(Your objective) In the data below, find every line that has the string "Express", and copy it.

Task input: Begin

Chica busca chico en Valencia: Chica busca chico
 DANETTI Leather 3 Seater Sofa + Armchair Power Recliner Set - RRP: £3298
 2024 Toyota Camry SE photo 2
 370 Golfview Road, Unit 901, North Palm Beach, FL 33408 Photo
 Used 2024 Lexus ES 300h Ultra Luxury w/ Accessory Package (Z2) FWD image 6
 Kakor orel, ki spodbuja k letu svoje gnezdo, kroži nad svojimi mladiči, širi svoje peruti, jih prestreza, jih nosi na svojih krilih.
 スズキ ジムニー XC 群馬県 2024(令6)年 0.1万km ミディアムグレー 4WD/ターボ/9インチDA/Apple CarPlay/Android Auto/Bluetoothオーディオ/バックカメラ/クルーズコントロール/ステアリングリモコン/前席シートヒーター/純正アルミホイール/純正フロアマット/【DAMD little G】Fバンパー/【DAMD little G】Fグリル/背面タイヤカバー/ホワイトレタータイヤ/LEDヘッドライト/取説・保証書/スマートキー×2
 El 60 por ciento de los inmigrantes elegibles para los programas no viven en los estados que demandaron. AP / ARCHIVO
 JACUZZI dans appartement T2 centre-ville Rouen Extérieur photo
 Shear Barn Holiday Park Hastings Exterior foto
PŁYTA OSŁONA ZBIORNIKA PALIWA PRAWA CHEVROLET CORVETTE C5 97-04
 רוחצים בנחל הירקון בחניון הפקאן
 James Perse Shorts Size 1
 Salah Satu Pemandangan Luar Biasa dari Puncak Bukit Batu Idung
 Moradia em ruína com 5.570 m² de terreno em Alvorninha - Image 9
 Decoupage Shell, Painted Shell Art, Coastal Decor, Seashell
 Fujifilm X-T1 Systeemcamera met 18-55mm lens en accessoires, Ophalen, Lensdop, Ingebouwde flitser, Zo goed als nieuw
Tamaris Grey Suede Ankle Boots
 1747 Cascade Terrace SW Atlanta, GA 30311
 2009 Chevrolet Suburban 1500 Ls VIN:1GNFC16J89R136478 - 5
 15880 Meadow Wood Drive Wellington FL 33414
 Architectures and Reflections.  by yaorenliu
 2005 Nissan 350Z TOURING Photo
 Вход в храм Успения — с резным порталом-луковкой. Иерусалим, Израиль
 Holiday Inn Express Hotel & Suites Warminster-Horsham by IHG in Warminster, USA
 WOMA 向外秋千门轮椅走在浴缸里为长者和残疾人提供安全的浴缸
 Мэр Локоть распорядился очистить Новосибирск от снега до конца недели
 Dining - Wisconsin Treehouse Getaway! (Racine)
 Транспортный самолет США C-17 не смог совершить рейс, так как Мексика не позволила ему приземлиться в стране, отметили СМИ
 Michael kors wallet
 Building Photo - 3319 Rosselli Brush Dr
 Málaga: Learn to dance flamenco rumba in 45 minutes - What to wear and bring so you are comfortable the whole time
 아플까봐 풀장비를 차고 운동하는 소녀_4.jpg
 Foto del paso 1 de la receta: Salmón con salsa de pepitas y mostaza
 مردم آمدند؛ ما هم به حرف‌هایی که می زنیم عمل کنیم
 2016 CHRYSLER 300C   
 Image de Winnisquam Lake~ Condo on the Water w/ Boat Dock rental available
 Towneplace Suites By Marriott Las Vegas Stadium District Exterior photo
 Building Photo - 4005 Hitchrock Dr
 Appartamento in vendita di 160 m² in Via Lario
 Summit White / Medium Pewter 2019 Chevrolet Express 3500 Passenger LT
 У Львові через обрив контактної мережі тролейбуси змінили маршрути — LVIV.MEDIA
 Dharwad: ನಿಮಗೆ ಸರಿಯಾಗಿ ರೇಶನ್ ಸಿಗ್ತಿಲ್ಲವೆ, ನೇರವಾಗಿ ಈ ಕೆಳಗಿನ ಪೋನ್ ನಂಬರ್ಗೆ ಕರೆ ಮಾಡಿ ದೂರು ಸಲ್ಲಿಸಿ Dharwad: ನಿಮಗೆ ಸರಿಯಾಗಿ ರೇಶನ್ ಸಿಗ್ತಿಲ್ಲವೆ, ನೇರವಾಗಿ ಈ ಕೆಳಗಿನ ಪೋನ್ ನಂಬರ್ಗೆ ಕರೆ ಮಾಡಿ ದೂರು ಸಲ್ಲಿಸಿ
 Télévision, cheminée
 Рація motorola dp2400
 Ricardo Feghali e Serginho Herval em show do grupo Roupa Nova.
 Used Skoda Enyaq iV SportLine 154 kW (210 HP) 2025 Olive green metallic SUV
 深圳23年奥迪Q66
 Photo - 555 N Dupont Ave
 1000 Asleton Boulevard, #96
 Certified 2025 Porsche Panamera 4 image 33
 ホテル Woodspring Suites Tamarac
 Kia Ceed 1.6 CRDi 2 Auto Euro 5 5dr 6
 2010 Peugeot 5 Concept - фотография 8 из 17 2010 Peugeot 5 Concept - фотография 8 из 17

Task input: End

(Completed exercise)
 Holiday Inn Express Hotel & Suites Warminster-Horsham by IHG in Warminster, USA
 Summit White / Medium Pewter 2019 Chevrolet Express 3500 Passenger LT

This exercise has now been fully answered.